South Florida’s cost of living crunches hiring efforts in State Attorney’s Offices
Image by Gloria Kaye from Pixabay.

The first increase in starting assistant prosecutor pay in three years will only go so far, State Attorneys say.

Funding for State Attorney salaries escaped Gov. Ron DeSantis’ veto pen and, for the first time in three years, the Palm Beach County State Attorney hopes to bump up starting salaries from the current $50,000 a year.

State Attorney Dave Aronberg said he’s not sure how far a planned $7,000-a-year salary increase will go toward attracting more applicants, but it’s becoming an urgent matter in his office, and in Miami-Dade County’s office as well. Aronberg has 18 fewer attorneys than a full staff, missing 15% of a full workforce. In Miami-Dade County, the State Attorney’s Office is down nearly 90 attorneys, or about 25% of a full staff.

“Recruitment and retention are becoming serious threats to public safety,” Aronberg said. “People want to be prosecutors. They just can’t afford it.”

The situation reflects the challenge South Florida has in attracting candidates willing to work as Assistant State Attorneys. The same salary levels apply throughout the state even though South Florida not only has some of the highest rents in the country, but also the fastest rates of rent increases.

An advertised assistant prosecutor position that once attracted 10 applicants is lucky to garner even one. And that’s only the first hurdle, Aronberg said.

“We had a couple of prosecutors who declined our offer of employment after they looked around and found they couldn’t find a place to live,” Aronberg said.

Final figures for how much attorney salaries will increase won’t be finalized until the Governor’s Office of Policy and Budget provides the specific dollar allocations, which vary by circuit, according to Paula McMahon, the Broward County State Attorney spokeswoman.

Both Miami State Attorney Katherine Fernandez Rundle and Aronberg say they hope to increase the starting prosecutor salary (salaries vary by division) by exercising some budgeting discretion, whatever the final numbers are.

Still, the situation is unsustainable in the long haul, Fernandez Rundle argued.
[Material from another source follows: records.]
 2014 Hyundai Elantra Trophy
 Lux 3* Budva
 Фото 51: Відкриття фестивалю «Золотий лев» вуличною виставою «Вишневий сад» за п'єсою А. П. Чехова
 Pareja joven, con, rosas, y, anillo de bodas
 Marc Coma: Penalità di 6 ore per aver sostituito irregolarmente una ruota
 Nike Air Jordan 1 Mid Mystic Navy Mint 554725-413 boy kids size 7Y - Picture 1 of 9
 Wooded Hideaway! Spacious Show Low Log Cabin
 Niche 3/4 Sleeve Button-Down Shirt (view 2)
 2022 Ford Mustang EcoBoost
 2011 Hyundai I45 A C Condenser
“Although I am grateful the Legislature recognized the need and provided funding for additional salary dollars for my assistant state attorneys, the reality remains that we still cannot compete with other government agency attorney salaries let alone private firms paying much heftier salaries,” Fernandez Rundle said in a statement. “And given the cost of living in Miami-Dade County, it will not allow us to recruit or retain enough talented attorneys to meet all of our community’s needs.”
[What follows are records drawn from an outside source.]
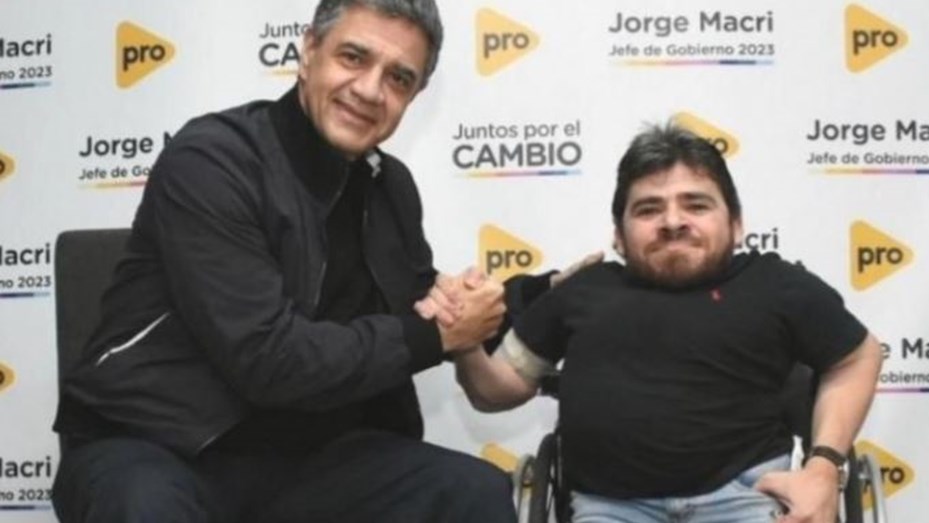 Rinaldi pidió disculpas por expresiones discriminatorias pero no renunció a precandidatura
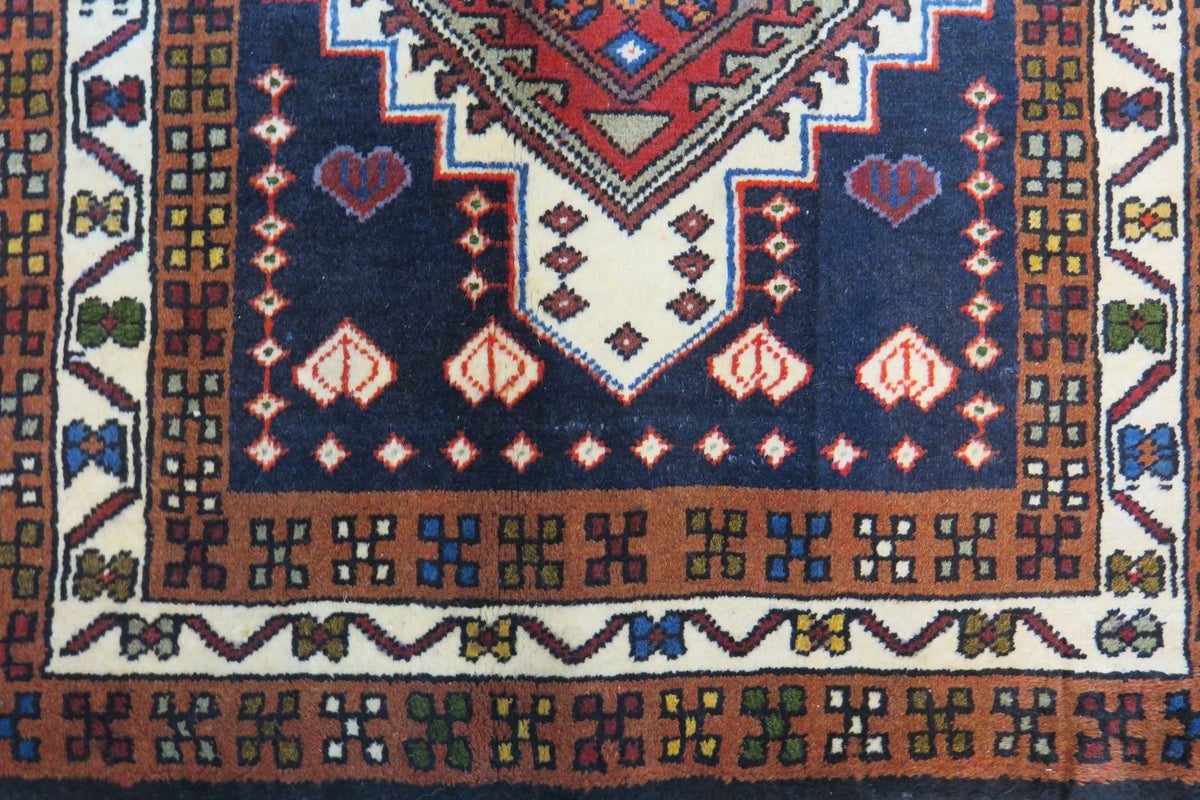 2' 6" x 9' 8" Persian Ardabil Runner image 5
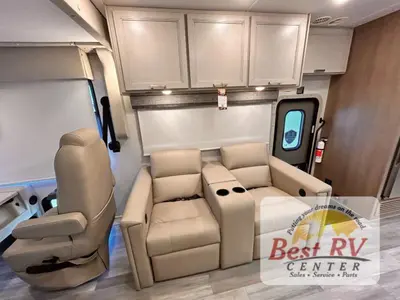2027 Thor Motor Coach Palazzo photo 20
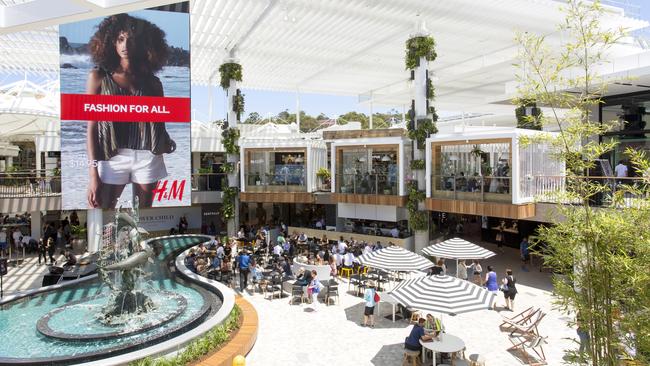 The unlisted Dexus Wholesale Property Fund bought an additional 25 per cent interest in Westfield Warringah Mall, Brookvale for about $410m.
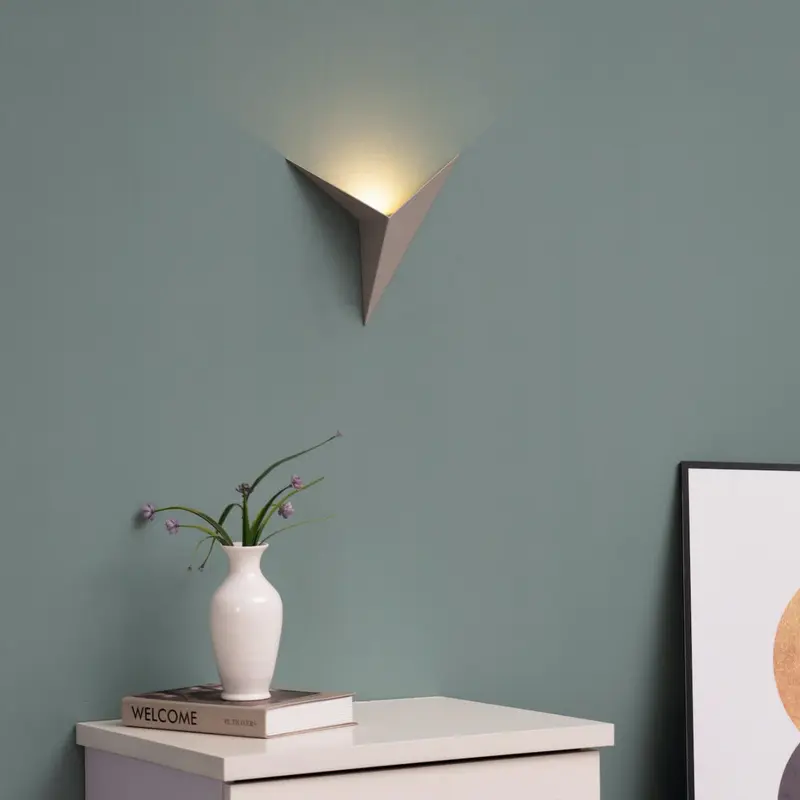 Moderne Dreieckige Wandlampe - TrigoLux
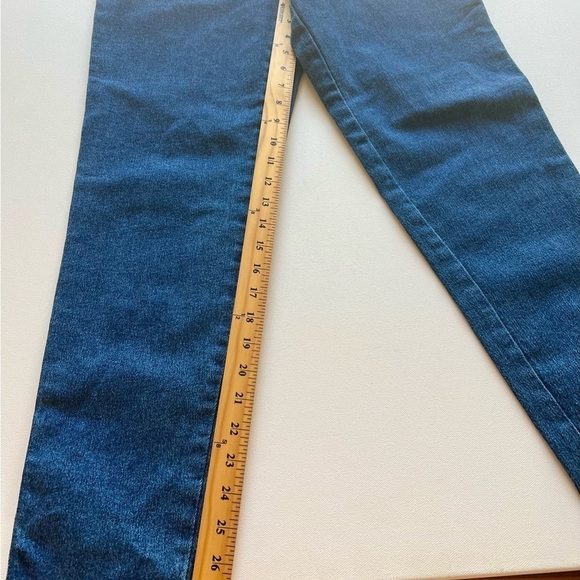 NWT Gloria Vanderbilt Amanda Original Jeans Tapered Leg Blue Size 8 Petite (D3) - Picture 3 of 10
In Broward County, they are waiting on final figures to see how much starting pay for assistant prosecutors can be increased. In the meantime, minimum wage employees’ pay is going to increase from $13 to $15 hour for support staff, and the whole staff will be getting their first legislative cost-of-living increase since 2020.

Broward County State Attorney Harold F. Pryor said he’ll take it. He made several trips to Tallahassee this past Session to make his case. A piece he and Broward County Public Defender Gordon Weekes co-authored for the Sun Sentinel found Florida is well below the national average for starting prosecutors ($66,802) and assistant public defenders ($61,087), they found.

“We are excited to be able to raise salaries for all of our employees,” he said.

Anne Geggis

Anne Geggis is a South Florida journalist who began her career in Vermont and has worked at the Sun-Sentinel, the Daytona Beach News-Journal and the Gainesville Sun covering government issues, health and education. She was a member of the Sun-Sentinel team that won the 2019 Pulitzer Prize for coverage of the Parkland high school shooting. You can reach her on Twitter @AnneBoca or by emailing [email protected].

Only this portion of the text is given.